El Juli, gêné par le vent, ne put faire grand chose face à son premier. On retiendra de la lidia de ce second toro de la tarde un quite par gaoneras de Paco Ureña (avec bousculade à la clé, heureusement sans conséquences) et la réponse du Juli par chicuelinas et demie. Silence.

Le quatrième fut renvoyé aux corrales après s’être cassé une patte au dernier tiers et remplacé (anti-règlementairement et suite à l’insistance du torero et d’une partie du public) par un sobrero de Luis Algarra noble et mobile mais manquant de transmission.

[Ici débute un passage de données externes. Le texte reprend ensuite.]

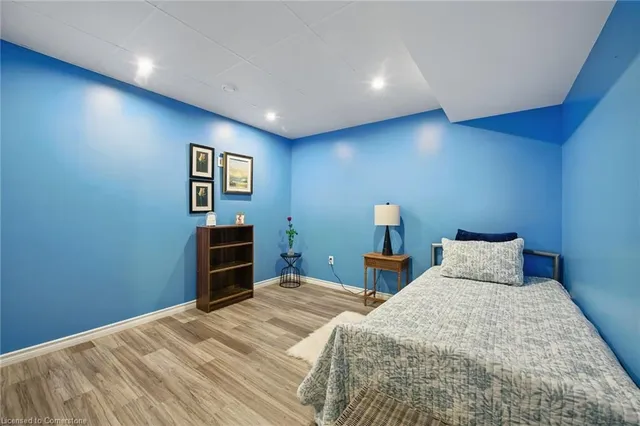 Additional image 34 of 810 Golf Links Rd Unit 31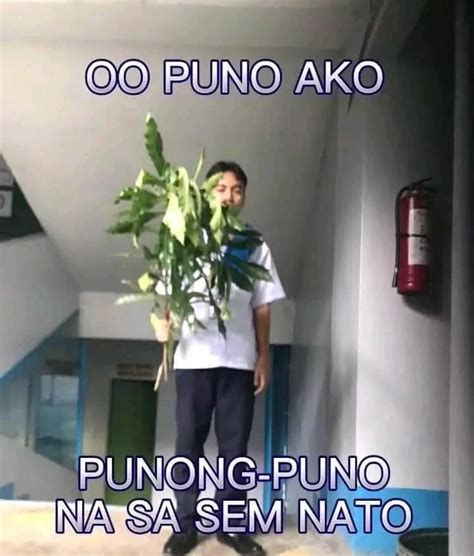 Pin By Lilly On Filo Memes Tagalog Quotes Funny Funny Relatable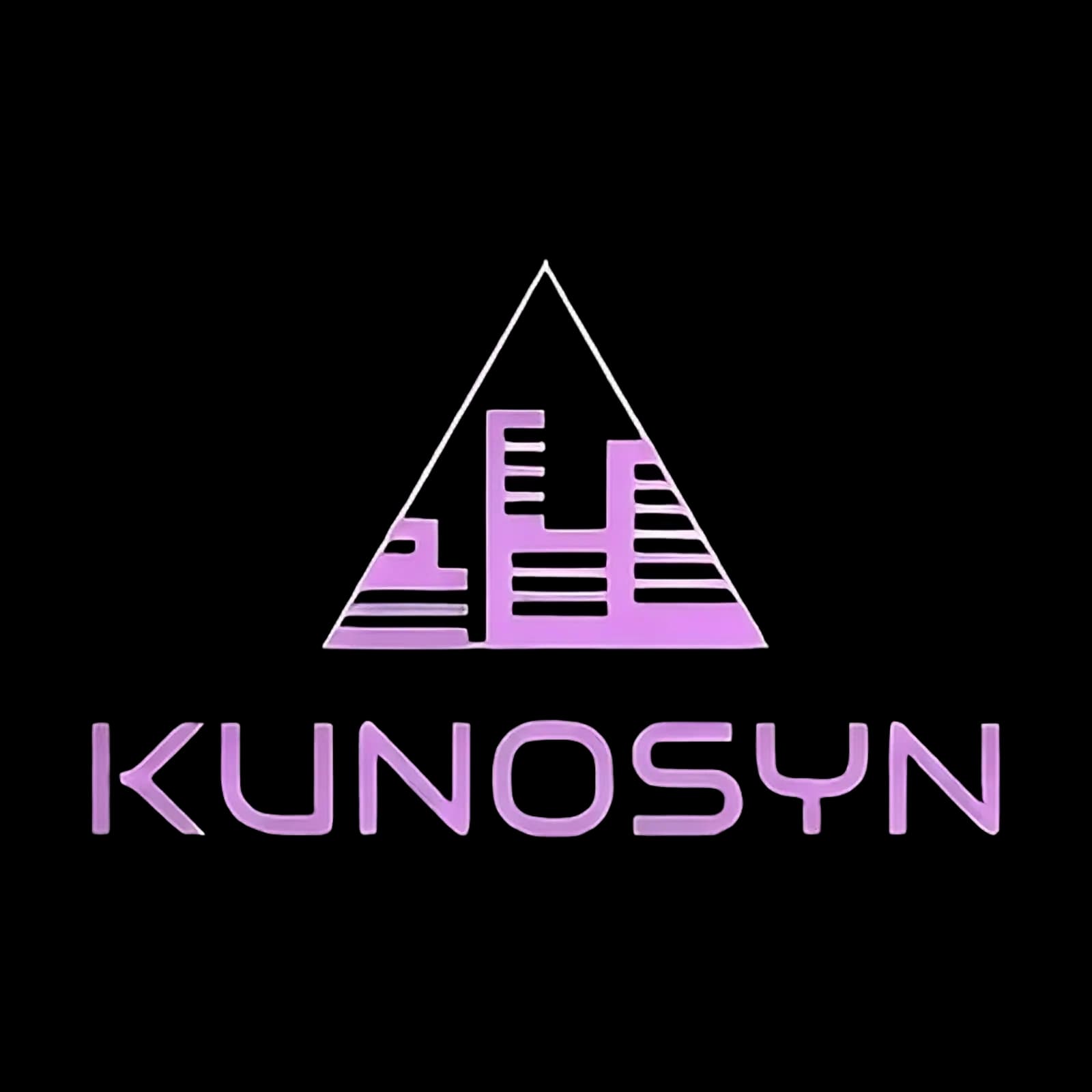 kunosyn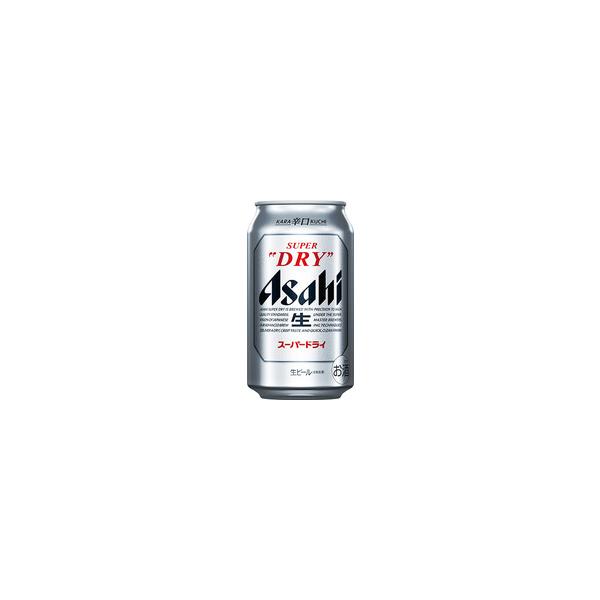スーパードライ ビール アサヒスーパードライ 500ml 1ケース(24 スーパードライ ビール アサヒスーパードライ 500ml 1ケース(24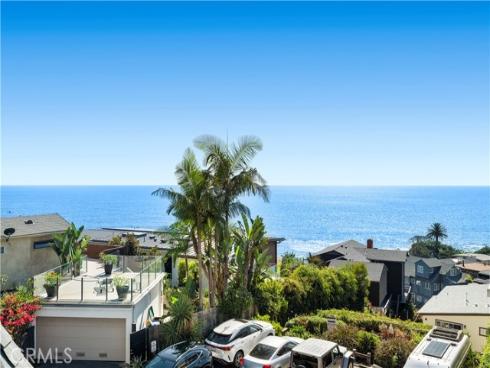 163 Nyes Place, Laguna Beach, CA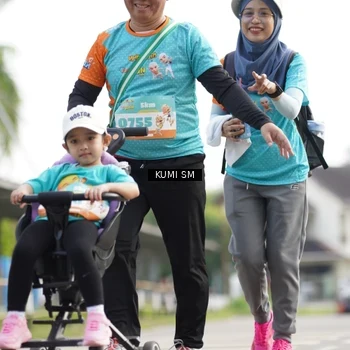 Runner Photo 8182363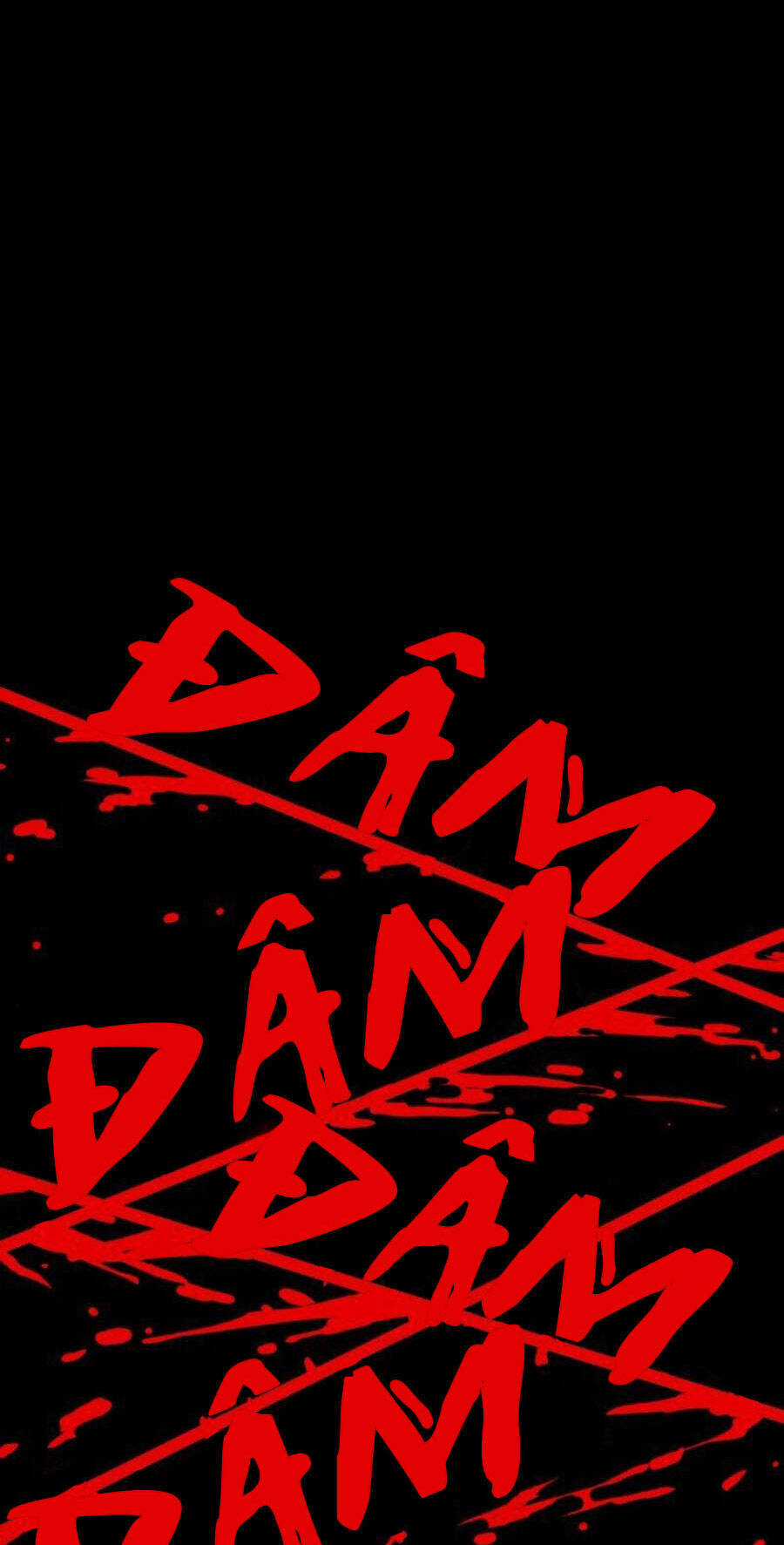 Tử Thần Chapter 12 trang 54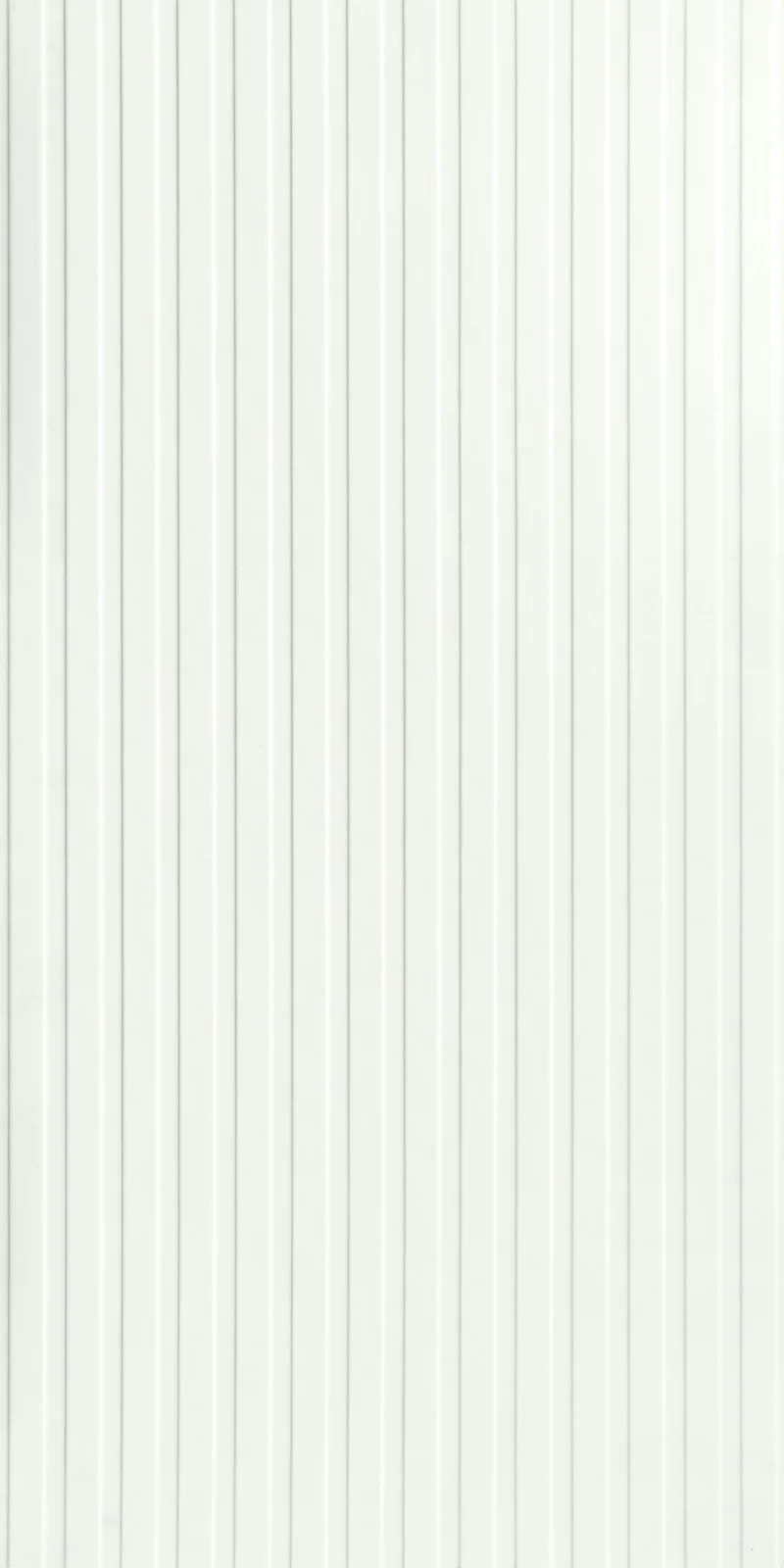 Gres Chloe Bianco 60x120 (1,44m²)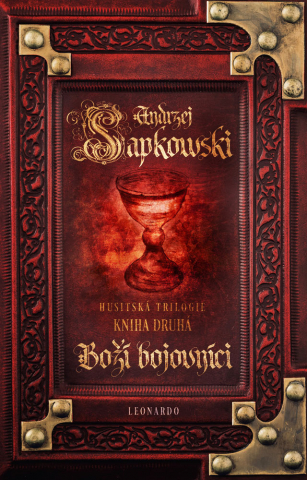 public://cover/cover_352418.jpg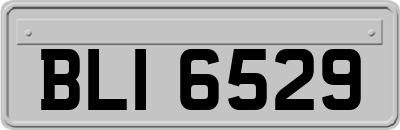 BLI6529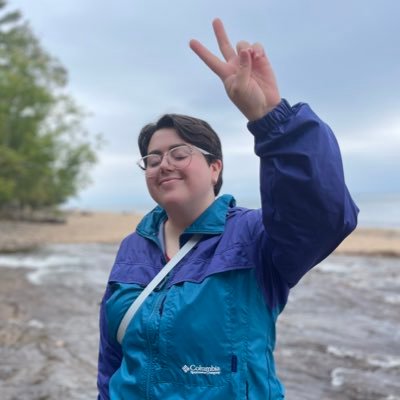 taylonat02's profile picture. short, sweet, to the point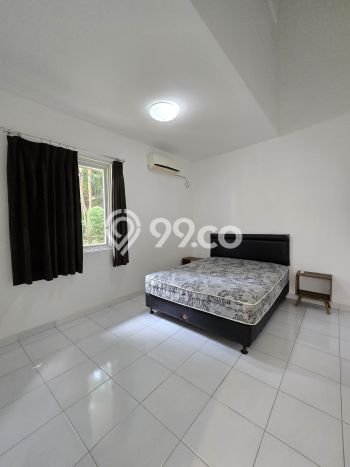 Rumah kawasan Kemang, Siap Huni, 3 KT, Akses Kemang, Jakarta Selatan, Jakarta Selatan, LT 150m² LB 115m² Rumah kawasan Kemang, Siap Huni, 3 KT, Akses Kemang, Jakarta Selatan, Jakarta Selatan, LT 150m² LB 115m²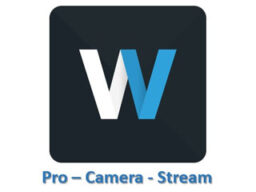 Network Optix Nx-Professional Network Optix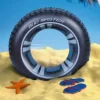Badring MUD MASTER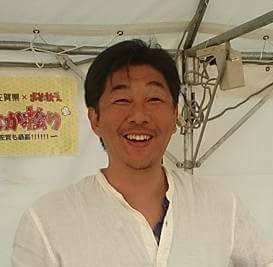 有岡 大介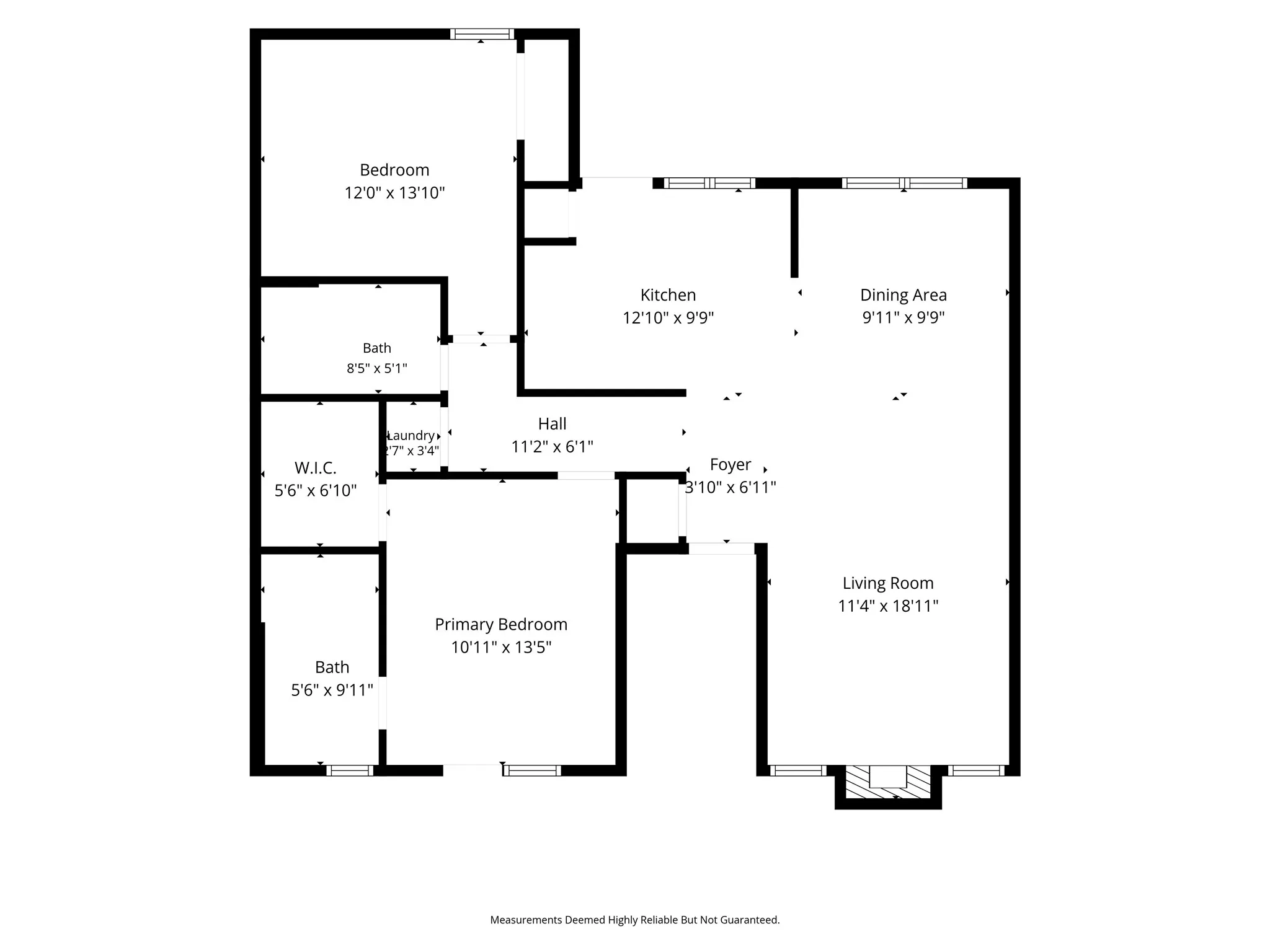 Condominium For Rent in Tarrant County , 2010 Cottage Oak Lane 2010, Colleyville, Texas 76034, 2 Bedroom, 2 Bathroom, Garage spaces, 1,083 Sqft, built in 1983, mls#21329015, Real Estate Agent in Colleyville, Homes For Rent in Tarrant county, Homes For Rent in Colleyville, Realtor in Colleyville Texas, Real Estate Brokerage Independent Realty Texas, Luminita Cordes Realtor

Suivirent beaucoup de muletazos sans fond avant le classique « julipié » du tricheur. Sifflets lors du retour au callejon.

Paco Ureña salua la venue du troisième par de bonnes véroniques, puis chercha l’abri des planches du tendido 5 pour tenter d’éviter les rafales de vent. Quelques bonnes séries ambidextres, très ajustées sur la corne droite, surent toucher le public malgré un accord aléatoire entre les deux combattants. Vuelta après une bonne lame portée au second assaut.

Le sérieux quinto fut petit à petit capté par la muleta d’Ureña dans une faena en deux actes, le premier consistant à mettre le bicho dans l’étoffe, le second à en tirer le meilleur parti sur les deux bords. Bon et méritoire travail du torero qui parvint ainsi à construire une faena aboutie qui lui valut de couper une oreille après un bon coup de rapière.

*5 août 2016 des mains de José Tomas, témoin Lopez Simon, toros de Victoriano del Rio.

Photos : Plaza 1.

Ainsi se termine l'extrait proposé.